Card payments in Malaysia are subject to authentication using 3D Secure, which introduces an extra layer of security for customers making purchases online. To avoid an increase in declines when transacting with Malaysian cardholders, you might need to make integration changes.
Stripe Checkout supports payment authentication out the gate. If you’re using the Charges API, which does not support authentication, you will need to make changes to your integration. The Payment Intents API and Setup Intents API both support authentication, however you need to ensure your integration can handle the `requires_action` state as this will prompt your customers to authenticate their payments.

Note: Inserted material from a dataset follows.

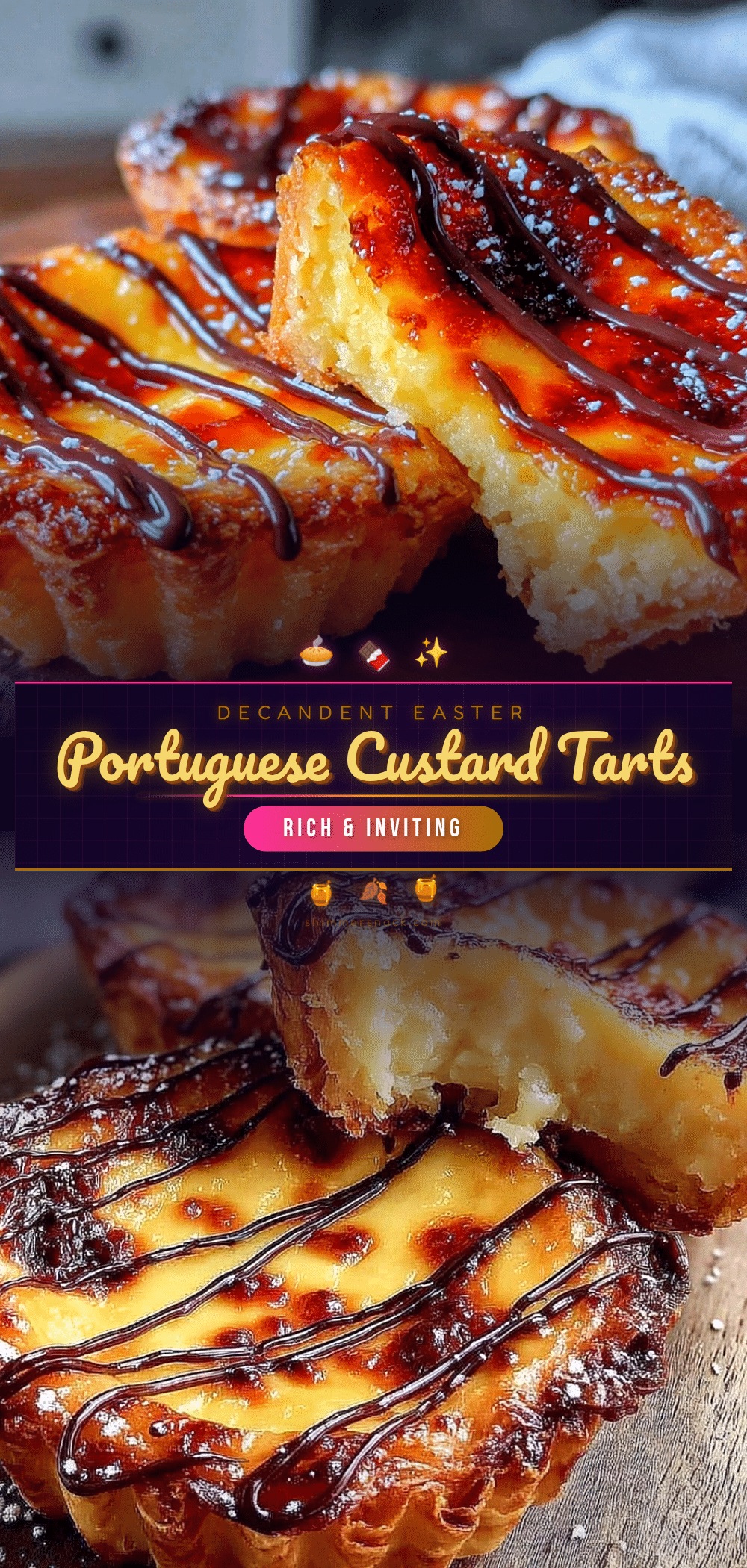 Portuguese tart custard tarts recipe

If you’re not sure if your integration can handle authentication or are receiving a large amount of declines due to `authentication_required`, we recommend testing your integration with our 3D Secure authentication test cards.
As a payment service provider, Stripe aims to keep bad actors out of the payment ecosystem and deter fraudulent activities that impact both our users and their customers. As online scams/fraudulent activities are reportedly on the riseA in Malaysia, Stripe has taken precautionary steps to enhance the mitigation measures, such as requesting customer authentication when a suspicious payment activity is detected. Stripe’s enhanced efforts to deter fraudulent activities are in line with Malaysia’s regulatory expectations of payment service providers, and aims to mitigate the impact of fraudulent transactions.
3D Secure, or 3DS for short, is an authentication protocol used to add an extra layer of security to online transactions. When a transaction is authenticated using 3DS, liability for any fraudulent activity shifts to the issuing bank. This additional security comes with a tradeoff, namely an extra step during the checkout flow.
Yes, the Charges API V1 does not support authentication, so you will need to migrate to the Payment Intents API. It is important to test your integration to ensure it can handle authentication requests. Otherwise you will see an increase in declined payments with error code `authentication_required`.
The Payment Intents API and Setup Intents API both support authentication, however you need to ensure your integration can handle the `requires_action` state as this will prompt your customers to authenticate their payments.
If you are not sure, we recommend testing your integration with our 3D Secure authentication test cards to get the best understanding of the path forward.